In a similar way, many large industrial users practice “triad-avoidance” strategies, where a service provider issues triad alerts enabling them to try to shift demand away from potential triad periods. In winter 2015-16, National Grid saw up to 2 GW of demand reduction as a result of triad avoidance during each triad period. In fact, so many consumers are actively trying to reduce usage during potential triad periods that demand may fall to a degree that the period no longer qualifies as a triad. This is making prediction of triads more difficult and will make the process of triad avoidance harder.
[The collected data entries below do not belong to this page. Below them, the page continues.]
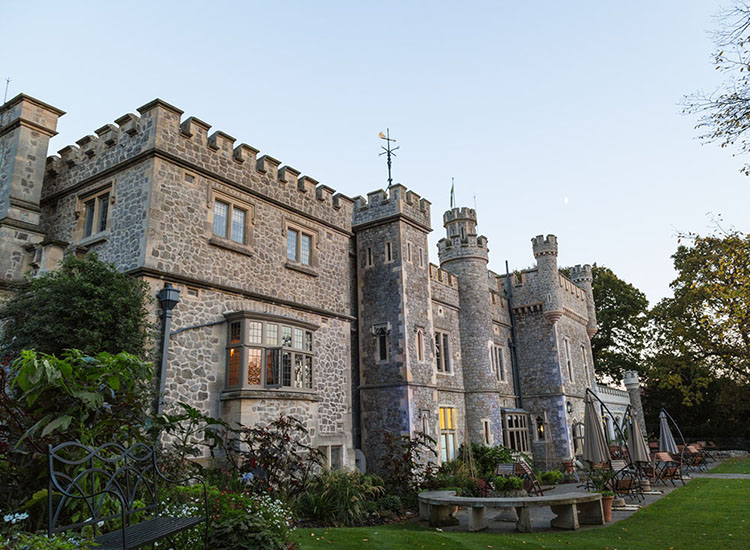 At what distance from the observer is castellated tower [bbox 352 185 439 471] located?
706 inches

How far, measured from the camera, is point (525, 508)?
10875mm

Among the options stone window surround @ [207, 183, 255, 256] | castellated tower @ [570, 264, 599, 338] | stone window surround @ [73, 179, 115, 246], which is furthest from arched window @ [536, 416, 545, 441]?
stone window surround @ [73, 179, 115, 246]

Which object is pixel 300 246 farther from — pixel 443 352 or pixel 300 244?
pixel 443 352

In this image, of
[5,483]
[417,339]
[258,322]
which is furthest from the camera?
[417,339]

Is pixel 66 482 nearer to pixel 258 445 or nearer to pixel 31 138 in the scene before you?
pixel 258 445

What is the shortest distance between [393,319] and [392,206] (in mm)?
4187

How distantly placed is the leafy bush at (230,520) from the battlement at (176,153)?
8.08m

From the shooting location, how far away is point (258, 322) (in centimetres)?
1303

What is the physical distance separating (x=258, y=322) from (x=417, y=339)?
767cm

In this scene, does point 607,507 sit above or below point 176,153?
below

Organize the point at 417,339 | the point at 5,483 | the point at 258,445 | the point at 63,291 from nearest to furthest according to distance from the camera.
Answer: the point at 5,483 < the point at 63,291 < the point at 258,445 < the point at 417,339

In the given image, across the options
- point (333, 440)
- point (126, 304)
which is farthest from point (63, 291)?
point (333, 440)

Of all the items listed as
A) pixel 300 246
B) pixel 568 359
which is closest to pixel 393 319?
pixel 300 246

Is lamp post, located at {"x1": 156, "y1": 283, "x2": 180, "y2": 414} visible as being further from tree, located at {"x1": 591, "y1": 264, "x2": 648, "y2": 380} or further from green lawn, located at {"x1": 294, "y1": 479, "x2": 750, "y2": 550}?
tree, located at {"x1": 591, "y1": 264, "x2": 648, "y2": 380} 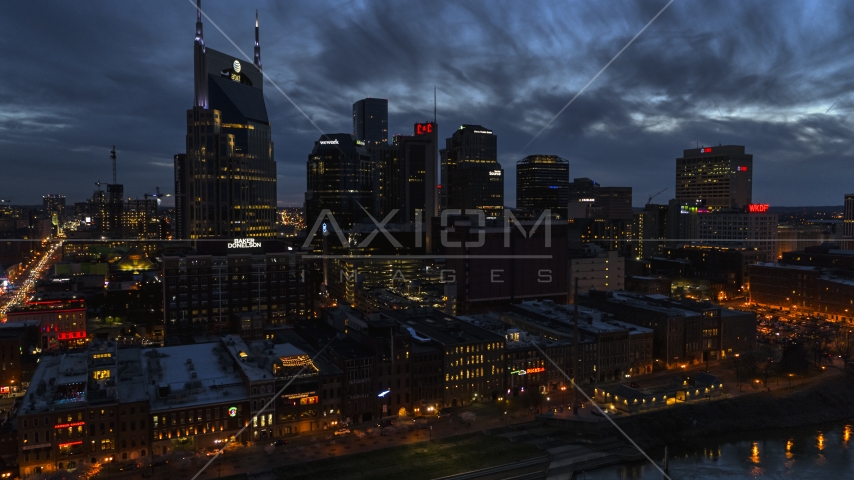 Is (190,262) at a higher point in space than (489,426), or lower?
higher

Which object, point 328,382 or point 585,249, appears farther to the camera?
point 585,249

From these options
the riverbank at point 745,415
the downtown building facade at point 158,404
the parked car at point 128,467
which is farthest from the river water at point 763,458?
the parked car at point 128,467

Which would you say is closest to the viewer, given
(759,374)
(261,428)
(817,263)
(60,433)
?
(60,433)

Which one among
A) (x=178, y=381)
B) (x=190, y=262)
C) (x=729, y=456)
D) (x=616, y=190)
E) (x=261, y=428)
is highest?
(x=616, y=190)

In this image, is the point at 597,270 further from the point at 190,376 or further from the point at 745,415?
the point at 190,376

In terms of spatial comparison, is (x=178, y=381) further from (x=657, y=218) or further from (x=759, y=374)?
(x=657, y=218)

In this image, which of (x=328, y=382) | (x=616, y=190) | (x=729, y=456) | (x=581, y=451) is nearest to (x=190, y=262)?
(x=328, y=382) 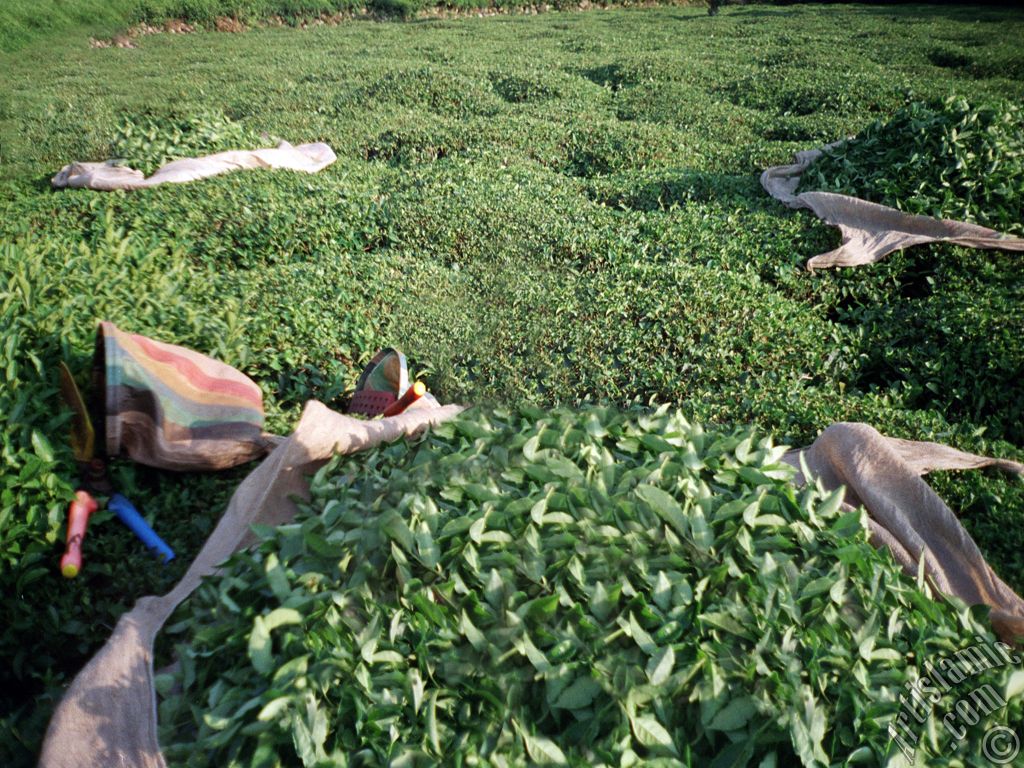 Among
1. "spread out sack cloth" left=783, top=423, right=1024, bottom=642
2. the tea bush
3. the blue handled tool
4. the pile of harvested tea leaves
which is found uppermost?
the pile of harvested tea leaves

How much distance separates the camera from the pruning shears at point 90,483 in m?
2.45

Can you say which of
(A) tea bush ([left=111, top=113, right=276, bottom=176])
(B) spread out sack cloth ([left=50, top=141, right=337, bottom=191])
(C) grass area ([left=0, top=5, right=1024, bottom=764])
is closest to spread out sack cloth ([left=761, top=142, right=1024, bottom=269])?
(C) grass area ([left=0, top=5, right=1024, bottom=764])

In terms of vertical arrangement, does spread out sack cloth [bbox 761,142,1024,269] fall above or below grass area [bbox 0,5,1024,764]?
above

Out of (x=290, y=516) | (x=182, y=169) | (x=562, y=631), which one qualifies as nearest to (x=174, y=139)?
(x=182, y=169)

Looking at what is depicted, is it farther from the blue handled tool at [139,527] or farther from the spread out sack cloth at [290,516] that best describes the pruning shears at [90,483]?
the spread out sack cloth at [290,516]

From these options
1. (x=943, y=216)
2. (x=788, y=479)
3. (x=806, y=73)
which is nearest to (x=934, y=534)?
(x=788, y=479)

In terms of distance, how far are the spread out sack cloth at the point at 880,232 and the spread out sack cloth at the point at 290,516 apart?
1.89 metres

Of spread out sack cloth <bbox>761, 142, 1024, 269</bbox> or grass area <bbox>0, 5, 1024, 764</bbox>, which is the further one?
spread out sack cloth <bbox>761, 142, 1024, 269</bbox>

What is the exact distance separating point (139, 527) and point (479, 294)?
2.18m

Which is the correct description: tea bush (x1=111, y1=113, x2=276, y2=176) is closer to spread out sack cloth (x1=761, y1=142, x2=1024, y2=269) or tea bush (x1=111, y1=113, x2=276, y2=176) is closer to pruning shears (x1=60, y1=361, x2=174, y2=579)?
pruning shears (x1=60, y1=361, x2=174, y2=579)

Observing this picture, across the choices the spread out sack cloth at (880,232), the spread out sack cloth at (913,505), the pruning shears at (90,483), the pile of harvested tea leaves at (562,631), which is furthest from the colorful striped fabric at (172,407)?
the spread out sack cloth at (880,232)

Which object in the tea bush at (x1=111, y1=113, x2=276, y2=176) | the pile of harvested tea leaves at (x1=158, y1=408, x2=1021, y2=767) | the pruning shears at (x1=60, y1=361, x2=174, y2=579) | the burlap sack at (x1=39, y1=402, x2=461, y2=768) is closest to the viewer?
the pile of harvested tea leaves at (x1=158, y1=408, x2=1021, y2=767)

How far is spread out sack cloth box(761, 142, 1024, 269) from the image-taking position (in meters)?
4.30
Time to re-visit how the grid is paid for
The electricity system is undergoing radical change. Renewable generation is often located in remote areas and is intermittent, creating stability management challenges for the system operator, and small-scale generation is increasingly connected to the local distribution networks thereby avoiding the transmission system altogether.
The growth of storage, particularly the prospect of behind-the-meter storage further complicates the picture as the logical extension of this practice would lead to some consumers being removed from the grid altogether, as suggested by research in Australia. Care must be taken to ensure that the “option value” of grid connection, where consumers use the grid purely as a back-up, are properly catered for.
These changes re-open the issue of how transmission costs can be equitably recovered from consumers, and have prompted both Ofgem and National Grid to review the current charging framework. As policy-related energy costs are growing (as I have detailed in recent posts), increasing network costs arising from the energy transition are another significant element of electricity bills, so any changes have the potential to be disruptive.
Ofgem has been exploring changes in two areas:
whether the ability of embedded generators to avoid TNUoS charges represents and excessive benefit, particularly as this leaves the costs to be recovered from fewer customers, and is one of the factors that enables embedded generators to compete successfully in the Capacity Market at the expense of large gas generators. Ofgem is considering moving to a system of transmission cost recovery based on gross rather than net demand.
whether the method of recovering distribution network costs is properly cost reflective, or whether the costs assigned to peak periods are too high – Ofgem has decided that the current structure is not adequate and from 2018, the difference between the tariffs will be smoothed with charges being removed from the peak periods and re-allocated to the off-peak periods.
National Grid is also reviewing network charging, and has identified a number of primary and secondary themes around the desired outcomes of any change:
Ofgem is due to report soon on its consultation relating to embedded benefits. The non-confidential responses it received can be found here, with many respondents arguing that Ofgem’s approach is too narrow and risks creating further distortions in the system. There are differences in opinion as to whether the existence of embedded generation does or does not reduce the need for transmission infrastructure and therefore whether the current method of recovery based on net demand is appropriate.
It is understandable that Ofgem would like to support the Government’s aims of incentivising more large CCGTs by reducing competition from embedded generation, and it is difficult to argue that embedded generators have not received benefits from the current frameworks (including size-based exceptions from emissions regulations, and tax benefits via the Enterprise Investment Scheme and the Venture Capital Trust Scheme). However in seeking to solve this one rather narrow problem, Ofgem does indeed risk creating unintended consequences.
What is clear is that transmission and balancing costs are growing and that the current methods of cost recovery were designed for a market structure that is no longer relevant. A wider review of the cost recovery mechanisms for delivering electricity needs to be developed that take into account the changing nature of the system, the emergence of storage, embedded and behind the meter generation, active turn-up/down DSR, and the changing role of DNOs.